Under the current distribution model, the General Purpose grant component is apportioned by the Commonwealth Grants Commission to State and Territory Grants Commissions on a per capita basis i.e. based on the population of each State and Territory. However, when the intra-State distribution occurs, these grants are then apportioned to Local Governments based on the principles of full horizontal equalisation and the minimum grant.

As a result of the existing Commonwealth-State-Local distribution method, outer metropolitan and inner regional Councils in populous States such as NSW and Victoria automatically receive significantly larger grants – up to five times the grant received by similar sized WA Councils - regardless of their actual need.[24]
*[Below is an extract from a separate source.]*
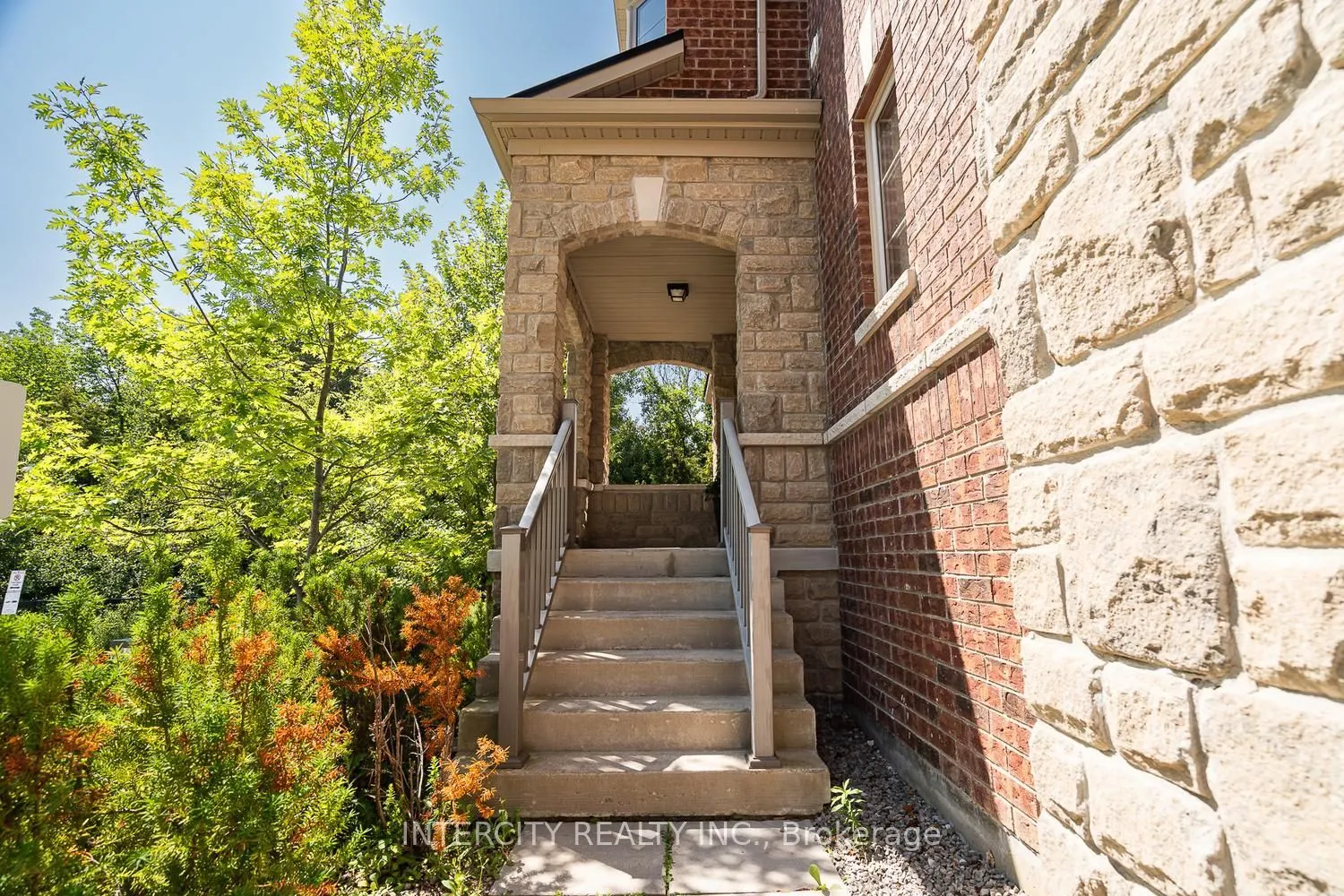 1331 Major Mackenzie Drive W #116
5.28      As an example, Mandurah compared the grant outcomes for three regional cities of similar size: Shepparton, Coffs Harbour and Mandurah. Despite their similar nature and populations, Mandurah's grant in 2006-07 was around $1 million, while the other two received closer to $5 million each.[25]
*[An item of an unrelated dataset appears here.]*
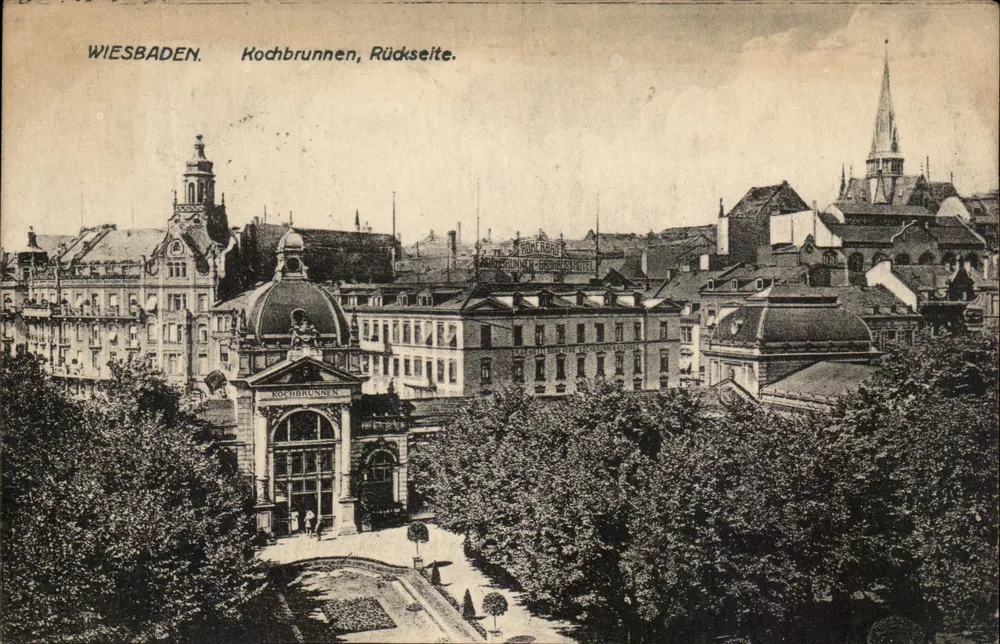 Wiesbaden. Kochbrunnen, Rückseite. — Vue du Kochbrunnen avec l'édifice du Kochbrunnen-Badhaus-Hotel et la flèche de l'église, éditeur WIESBADEN. - Vorderseite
5.29      It was suggested that the CGC take on an expanded role in undertaking national horizontal fiscal equalisation amongst councils, rather than merely amongst states:

[t]he Commonwealth Grants Commission should introduce a ‘national distribution’ model, providing General Purpose grants directly from the Commonwealth to Local Governments (bypassing the States), based on their relative ‘need’ (horizontal equalisation), rather than their State’s population. If the Australian and State Governments are serious about achieving an equitable national distribution of funds to all Local Governments, then it is only fair that each Council should be assessed against all other Australian Councils when competing for FAGs funding, rather than against only those Councils in their state.[26]

5.30      This would clearly represent a radical reshaping of local government finance. Other submitters, including the Australian Local Government Association (ALGA), did not address this issue. The committee expects that, as ALGA represents all councils, including those that would stand to lose from such a restructuring, it would not be in a position to reach a policy position on the proposal. The committee recognises the issue that concerns Mandurah City Council, and agrees that it is an issue that could be considered in more detail by an inquiry directed specifically at the funding of local government. It notes that ALGA and Mandurah City Council are both advocating such an inquiry.
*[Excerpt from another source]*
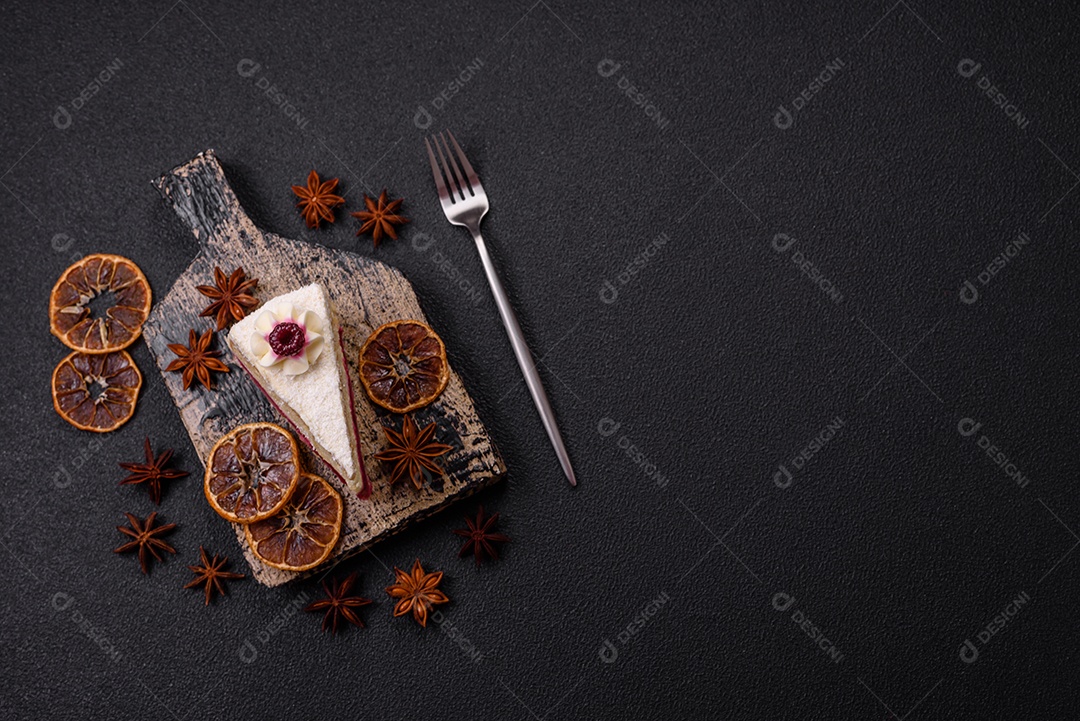 Fatia saborosa de bolo em uma mesa de concreto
5.31      The issue of the suitability of the current approach to general purpose grants for local government was highlighted in an earlier 2008 Productivity Commission report, Assessing Local Government Revenue Raising Capacity. The Productivity Commission received submissions from a number of participants who questioned the appropriateness of the existing arrangements for distributing Commonwealth general purpose grants.  While the Productivity Commission noted that the appropriateness of the current distribution of financial assistance grants was beyond the scope of their terms of reference, they did go on to note that '[t]o the extent that full equalisation remains a policy objective of the Australian Government there is a case for more work in this area.'[27]

Committee View

5.32      The committee recognises the concerns raised in submissions about the absence of equalisation at the local government level and notes the various suggestions for reform. Most of the proposed changes would have significant impact on the funding received by local government, creating winning and losing shires and municipalities in the process.

5.33      Nevertheless, the committee is of the view that the conclusion reached by the Productivity Commission, and the position advocated by ALGA amongst others has merit and that the issue requires closer investigation. Other matters relating to local government are considered in chapter 6.

Recommendation 11

5.34      The Committee recommends that the Joint Standing Committee proposed in Recommendation 17 of this report be asked to inquire into the extent of and need for reform of the arrangements for horizontal equalisation that currently exists between local government shires and municipalities across Australia.